[Materials provided — start]

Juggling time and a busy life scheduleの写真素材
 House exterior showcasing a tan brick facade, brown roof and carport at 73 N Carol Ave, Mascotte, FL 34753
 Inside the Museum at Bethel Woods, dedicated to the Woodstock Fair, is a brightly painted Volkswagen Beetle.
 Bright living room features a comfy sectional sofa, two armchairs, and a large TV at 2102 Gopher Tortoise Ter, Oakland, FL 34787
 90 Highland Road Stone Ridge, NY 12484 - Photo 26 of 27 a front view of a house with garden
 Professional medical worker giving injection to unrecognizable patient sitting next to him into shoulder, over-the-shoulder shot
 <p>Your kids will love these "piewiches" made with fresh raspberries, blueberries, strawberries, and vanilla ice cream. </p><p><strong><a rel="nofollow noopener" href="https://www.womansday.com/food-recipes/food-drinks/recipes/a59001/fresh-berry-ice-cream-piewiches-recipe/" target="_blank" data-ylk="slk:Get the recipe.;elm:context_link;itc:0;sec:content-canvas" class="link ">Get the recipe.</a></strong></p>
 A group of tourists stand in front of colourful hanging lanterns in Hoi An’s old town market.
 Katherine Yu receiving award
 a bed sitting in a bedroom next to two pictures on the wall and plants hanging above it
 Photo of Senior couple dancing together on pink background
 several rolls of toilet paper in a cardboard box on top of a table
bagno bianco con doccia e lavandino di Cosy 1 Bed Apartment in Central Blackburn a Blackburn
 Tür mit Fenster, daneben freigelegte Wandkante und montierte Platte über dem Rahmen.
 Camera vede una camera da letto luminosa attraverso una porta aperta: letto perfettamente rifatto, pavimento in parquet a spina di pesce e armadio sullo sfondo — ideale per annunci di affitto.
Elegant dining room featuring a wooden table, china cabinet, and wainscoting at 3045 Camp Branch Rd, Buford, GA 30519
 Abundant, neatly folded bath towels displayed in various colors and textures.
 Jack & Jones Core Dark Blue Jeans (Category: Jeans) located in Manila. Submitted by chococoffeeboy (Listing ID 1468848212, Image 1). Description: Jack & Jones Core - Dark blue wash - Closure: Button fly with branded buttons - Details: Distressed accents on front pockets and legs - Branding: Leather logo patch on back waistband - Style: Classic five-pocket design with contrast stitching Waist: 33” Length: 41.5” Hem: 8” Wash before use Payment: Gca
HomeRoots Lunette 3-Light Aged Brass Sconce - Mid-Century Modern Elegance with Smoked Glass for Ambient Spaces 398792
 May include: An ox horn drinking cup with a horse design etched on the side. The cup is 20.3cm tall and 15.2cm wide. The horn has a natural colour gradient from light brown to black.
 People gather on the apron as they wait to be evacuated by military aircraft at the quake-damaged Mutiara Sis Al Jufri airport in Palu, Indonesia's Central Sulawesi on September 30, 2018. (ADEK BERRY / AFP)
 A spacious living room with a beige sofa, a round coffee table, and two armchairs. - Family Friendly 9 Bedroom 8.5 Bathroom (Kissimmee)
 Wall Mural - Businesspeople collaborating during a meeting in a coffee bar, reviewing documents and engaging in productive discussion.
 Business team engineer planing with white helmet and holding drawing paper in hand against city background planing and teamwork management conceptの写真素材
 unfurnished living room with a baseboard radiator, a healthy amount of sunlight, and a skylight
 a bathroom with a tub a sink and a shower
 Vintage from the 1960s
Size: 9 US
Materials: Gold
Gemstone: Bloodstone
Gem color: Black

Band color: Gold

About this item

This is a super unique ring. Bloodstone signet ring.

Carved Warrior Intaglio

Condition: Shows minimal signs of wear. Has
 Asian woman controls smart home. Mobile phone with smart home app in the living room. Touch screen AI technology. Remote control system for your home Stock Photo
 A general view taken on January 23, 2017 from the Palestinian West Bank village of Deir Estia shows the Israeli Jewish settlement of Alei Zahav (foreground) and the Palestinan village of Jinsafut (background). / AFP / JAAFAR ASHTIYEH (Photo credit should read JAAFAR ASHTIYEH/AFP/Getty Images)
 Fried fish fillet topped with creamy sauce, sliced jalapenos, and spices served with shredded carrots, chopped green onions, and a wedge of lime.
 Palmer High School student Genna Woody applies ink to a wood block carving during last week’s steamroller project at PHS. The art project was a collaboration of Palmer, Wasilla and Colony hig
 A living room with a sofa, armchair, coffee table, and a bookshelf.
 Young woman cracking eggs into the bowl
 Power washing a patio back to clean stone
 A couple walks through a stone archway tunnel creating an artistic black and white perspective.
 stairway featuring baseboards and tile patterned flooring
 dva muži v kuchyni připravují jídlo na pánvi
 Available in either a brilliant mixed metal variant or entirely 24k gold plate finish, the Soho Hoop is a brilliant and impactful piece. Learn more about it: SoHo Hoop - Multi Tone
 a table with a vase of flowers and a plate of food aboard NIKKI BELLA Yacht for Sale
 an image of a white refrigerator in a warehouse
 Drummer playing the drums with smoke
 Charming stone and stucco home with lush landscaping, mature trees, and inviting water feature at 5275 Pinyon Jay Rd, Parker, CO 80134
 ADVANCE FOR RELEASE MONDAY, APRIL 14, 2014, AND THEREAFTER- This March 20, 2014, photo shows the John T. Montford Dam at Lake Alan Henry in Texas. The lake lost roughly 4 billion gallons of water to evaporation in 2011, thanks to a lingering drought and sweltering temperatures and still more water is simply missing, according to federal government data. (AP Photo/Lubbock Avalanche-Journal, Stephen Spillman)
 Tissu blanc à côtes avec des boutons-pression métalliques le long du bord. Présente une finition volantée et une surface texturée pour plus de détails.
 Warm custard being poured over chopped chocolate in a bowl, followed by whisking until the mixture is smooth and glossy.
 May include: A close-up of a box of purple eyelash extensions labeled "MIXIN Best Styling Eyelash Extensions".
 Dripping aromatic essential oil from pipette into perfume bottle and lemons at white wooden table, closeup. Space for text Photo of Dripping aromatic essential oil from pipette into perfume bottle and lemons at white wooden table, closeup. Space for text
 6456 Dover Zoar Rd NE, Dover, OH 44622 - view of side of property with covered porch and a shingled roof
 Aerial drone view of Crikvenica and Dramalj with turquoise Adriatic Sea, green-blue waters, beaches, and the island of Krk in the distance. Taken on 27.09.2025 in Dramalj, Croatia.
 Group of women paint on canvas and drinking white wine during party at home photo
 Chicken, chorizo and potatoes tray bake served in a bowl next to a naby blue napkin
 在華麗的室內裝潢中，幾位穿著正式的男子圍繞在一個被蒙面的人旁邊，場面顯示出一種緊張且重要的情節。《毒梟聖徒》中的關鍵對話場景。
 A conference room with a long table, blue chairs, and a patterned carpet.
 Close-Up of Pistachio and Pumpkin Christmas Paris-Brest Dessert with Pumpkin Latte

[Materials provided — finish]

== Exercise goal ==
All lines above from the line with "Elegant dining room" through the line with "May include: An", both included, are to be set down exactly, with nothing else.

== Answer area ==
Elegant dining room featuring a wooden table, china cabinet, and wainscoting at 3045 Camp Branch Rd, Buford, GA 30519
 Abundant, neatly folded bath towels displayed in various colors and textures.
 Jack & Jones Core Dark Blue Jeans (Category: Jeans) located in Manila. Submitted by chococoffeeboy (Listing ID 1468848212, Image 1). Description: Jack & Jones Core - Dark blue wash - Closure: Button fly with branded buttons - Details: Distressed accents on front pockets and legs - Branding: Leather logo patch on back waistband - Style: Classic five-pocket design with contrast stitching Waist: 33” Length: 41.5” Hem: 8” Wash before use Payment: Gca
HomeRoots Lunette 3-Light Aged Brass Sconce - Mid-Century Modern Elegance with Smoked Glass for Ambient Spaces 398792
 May include: An ox horn drinking cup with a horse design etched on the side. The cup is 20.3cm tall and 15.2cm wide. The horn has a natural colour gradient from light brown to black.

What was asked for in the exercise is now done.